Simona Kossak au milieu des faons © Lech Wilczek
Simona Kossak, une vie dédiée aux animaux
C’est notamment l’adoption d’un bébé sanglier orphelin par Lech qui renforça le lien entre Simona et le photographe. Ils le baptisèrent Żabka – ce qui signifie « grenouille » en français – et s’occupèrent si bien de lui qu’il est devenu gigantesque. Des photos prises par Lech illustrent le lien qui unissait le sanglier aux deux humains qui l’ont élevé : on voit Żabka manger à table avec Simona, la câliner dans l’herbe et dormir dans son lit. Très sensible, Żabka est devenu le véritable gardien de Dziedzinka, et les visiteurs devaient s’en méfier.
Żabka et Simona © Lech Wilczek
Lech et Simona tombèrent amoureux, et il documenta leur vie commune extraordinaire pendant trois décennies à Białowieża. Le couple se lia d’amitié avec des dizaines d’animaux sauvages. Parmi eux, un corbeau nommé Korasek, qui attaquait les visiteurs et volait leurs objets dans leurs poches. Il y avait aussi la lynx Agatka, que Kossak appelait sa fille, un âne, une biche, les élans jumeaux Pepsi et Cola, une cigogne, des paons, des agneaux, et des rats.
Lech et Korasek
Considérée par les habitants comme un esprit de la forêt, « celle qui parle et marche avec les animaux », Simona ne se contentait pas de les soigner mais était leur véritable protectrice. Lorsqu’elle surprit un groupe de scientifiques utilisant des méthodes illégales pour braconner des carnivores à des fins de marquage, elle a subtilisé leur équipement, refusé de leur rendre et témoigné contre eux devant le tribunal.

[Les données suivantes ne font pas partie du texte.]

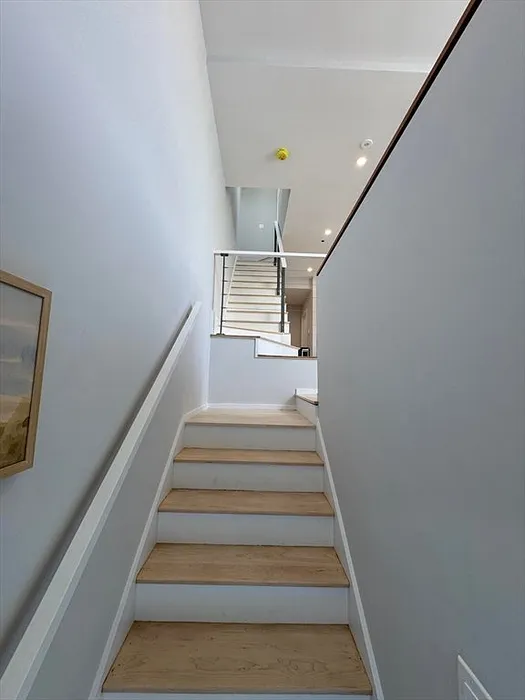 6 Valentine St #6 Photo 39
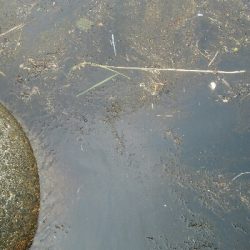 春アオリ釣れました！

Simona et l’un des élans jumeaux © Lech Wilczek
Durant son procès, à la question sur la menace que représentent de tels pièges pour les animaux, Simona Kossak répond : « Je pense que c’est un danger de mort pour ces animaux dont les blessures causées par ces pièges sont souvent fatales. Ces méthodes menacent notamment le Lynx d’Europe dont il ne reste que 12 individus dans cette forêt et qui ont un patrimoine génétique unique qui risque de s’éteindre à jamais. C’est une honte pour le monde de la science que nous ayons recours à de tels procédés. »
Simon et Agatka © Lech Wilczek
Elle a également contribué à la création du répulsif UOZ-1, un dispositif qui prévient les animaux sauvages de l’approche d’un train. En 1980, elle a obtenu un doctorat et, en 2000, le gouvernement polonais lui a décerné la Croix d’or du Mérite, la plus haute distinction civile, pour son travail et ses recherches en faveur de la protection de la forêt de Białowieża. En 2003, elle a été nommée directrice du Département des forêts naturelles, poste qu’elle a occupé jusqu’à sa mort en 2007.
Après sa mort, Lech Wilczek a continué à vivre à Dziedzinka. Il a poursuivi leur travail et a écrit la biographie de Simona, Meeting with Simona Kossak. Il est décédé en 2018. En 2022, le documentaire Simona est sorti. En 2024, le réalisateur Adrian Panek lui a consacré un film.
Simona et Lech ont passé leur vie dans cet écrin de forêt préservée, entourés des animaux qu’ils chérissaient tant. Leur amour l’un pour l’autre s’est développé au rythme de leur relation avec la nature, trouvant le contentement qui manquait dans le monde moderne au-delà de la lisière de la forêt.